Medline Search stem cell 2002 - 110,920 | 2004 - 128,485 | 2005 - 140,966 | 2006 - 154,176 | 2011 - 190,069 | 2012 - 210,393
Research that led to Stem Cells
- Human Diseases - Generation of “knock out” mice
- Human Development - Studying regulation of cell differentiation in development
- Human Reproduction - Disorders, sterility
Stem Cell Types
Tissue Stem Cells
- differentiated cells have short life spans continually replaced
- blood cells, epithelial cells of skin and digestive tract
- fully differentiated cells do not proliferate
- proliferation of less differentiated- stem cells
- produce daughter cells that either differentiate or remain as stem cells
- All different types of blood cells develop from a pluripotent stem cell in bone marrow
- Precursors of differentiated cells undergo several rounds of cell division as they mature
- proliferation ceases at terminal stages of differentiation
Embryonic Stem Cells
- What is a stem cell - Pluripotent (totipotent)

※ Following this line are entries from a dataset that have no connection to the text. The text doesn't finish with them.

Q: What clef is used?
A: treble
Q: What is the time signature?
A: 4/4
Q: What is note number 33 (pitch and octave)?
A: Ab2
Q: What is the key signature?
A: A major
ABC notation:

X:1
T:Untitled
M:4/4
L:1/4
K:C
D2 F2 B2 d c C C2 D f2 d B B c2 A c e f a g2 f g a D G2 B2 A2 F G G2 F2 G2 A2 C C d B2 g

- Pluripotent - to describe stem cells that can give rise to cells derived from all 3 embryonic germ layers (Ectoderm, Mesoderm, Endoderm)

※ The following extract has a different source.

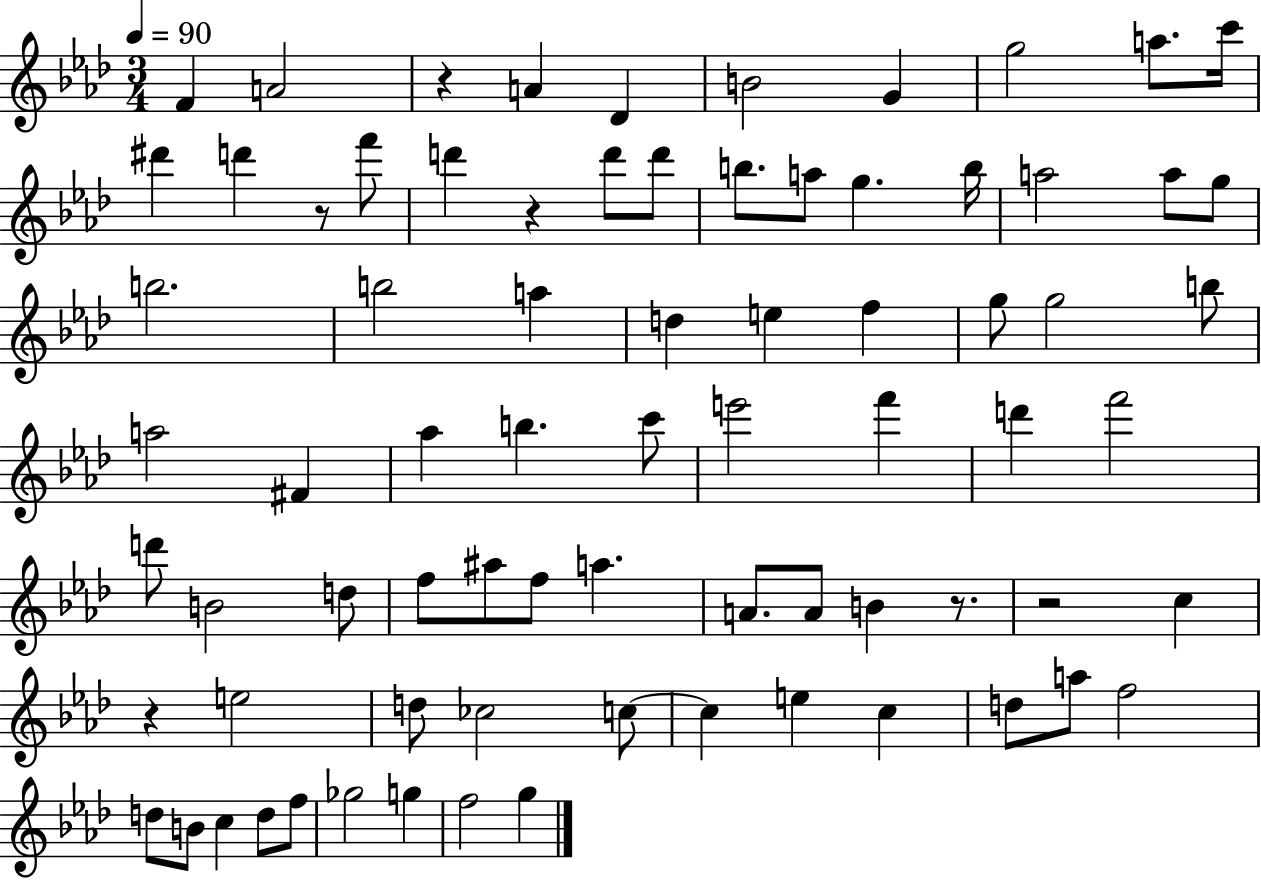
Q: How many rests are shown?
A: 6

- layers are embryonic source of all cells of the body
- hollow structure composed of about 100 cells surrounding an inner cavity
- Only ES cells, which form inner cell mass, actually form the embryo.
- ES cells can be removed from the blastocyst and grown on lethally irradiated “feeder cells.” (See E. Robertson et al., 1986, Nature 323:445)
Stem Cell Definition
- cell that has ability to divide for indefinite periods
- self replicate
- throughout life of organism
- stem cells can differentiate
- conditions, signals
- to the many different cell types
- ES or teratocarcinoma - shows that stem cells can combine with cells of a normal blastocyst to form a healthy chimeric mouse
- spheroid cellular tissue culture structure
- mouse and human ES cells have the capacity to undergo controlled differentiation
- recapitulate some aspects of early development
- regional-specific differentiation program
- derivatives of all three embryonic germ layers
G R Martin Isolation of a pluripotent cell line from early mouse embryos cultured in medium conditioned by teratocarcinoma stem cells. Proc. Natl. Acad. Sci. U.S.A.: 1981, 78(12);7634-8 PMID:6950406
A M Wobus, H Holzhausen, P Jäkel, J Schöneich Characterization of a pluripotent stem cell line derived from a mouse embryo. Exp. Cell Res.: 1984, 152(1);212-9 PMID:6714319
A Gossler, T Doetschman, R Korn, E Serfling, R Kemler Transgenesis by means of blastocyst-derived embryonic stem cell lines. Proc. Natl. Acad. Sci. U.S.A.: 1986, 83(23);9065-9 PMID:3024164
Pig and Sheep
E Notarianni, C Galli, S Laurie, R M Moor, M J Evans Derivation of pluripotent, embryonic cell lines from the pig and sheep. J. Reprod. Fertil. Suppl.: 1991, 43();255-60 PMID:1843344
J A Thomson, J Kalishman, T G Golos, M Durning, C P Harris, R A Becker, J P Hearn Isolation of a primate embryonic stem cell line. Proc. Natl. Acad. Sci. U.S.A.: 1995, 92(17);7844-8 PMID:7544005
J A Thomson, J Itskovitz-Eldor, S S Shapiro, M A Waknitz, J J Swiergiel, V S Marshall, J M Jones Embryonic stem cell lines derived from human blastocysts. Science: 1998, 282(5391);1145-7 PMID:9804556
Stem Cell Lines ATCC - Embryonic Stem cell lines
Cord Blood Stem Cells
- Blood collected from the placental umbilical cord of a newborn baby shortly after birth (about 90 ml)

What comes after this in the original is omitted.